**Raw data**.
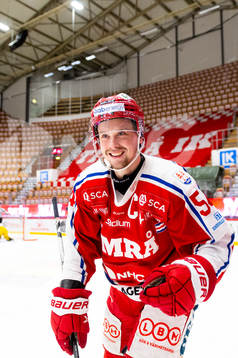 Timrås Jonathan Dahlén jublar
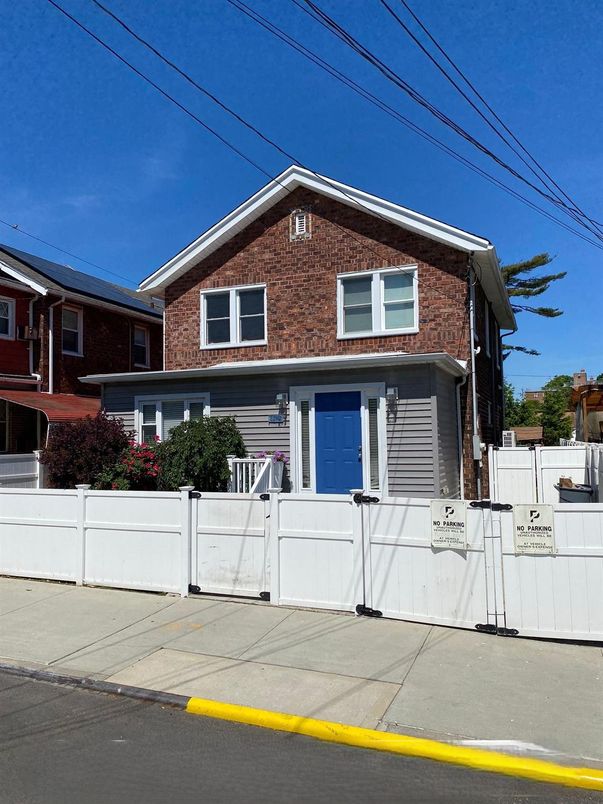 Exterior, Facade, American Craftsman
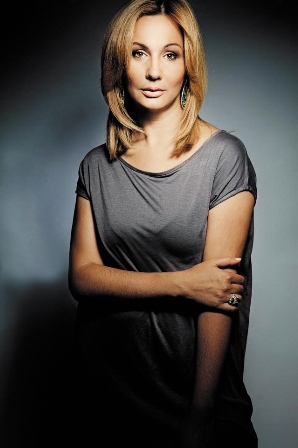 Дина НАСЫРОВА, генеральный директор марки Ilgiz F: «Интерес к драгоценным камням со стороны вкладчиков увеличивается из года в год» Дина НАСЫРОВА, генеральный директор марки Ilgiz F: «Интерес к драгоценным камням со стороны вкладчиков увеличивается из года в год»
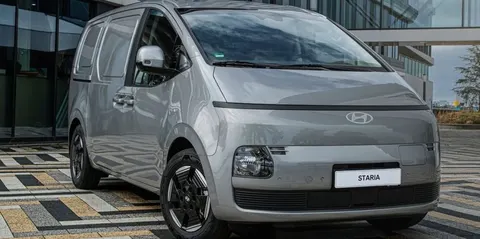 Hyundai Staria отримав електричну версію фургона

**Task**.
Set the whole listing down again unchanged, apart from the pictures, which are omitted.

**Solution**.
 Timrås Jonathan Dahlén jublar
 Exterior, Facade, American Craftsman
 Дина НАСЫРОВА, генеральный директор марки Ilgiz F: «Интерес к драгоценным камням со стороны вкладчиков увеличивается из года в год» Дина НАСЫРОВА, генеральный директор марки Ilgiz F: «Интерес к драгоценным камням со стороны вкладчиков увеличивается из года в год»
 Hyundai Staria отримав електричну версію фургона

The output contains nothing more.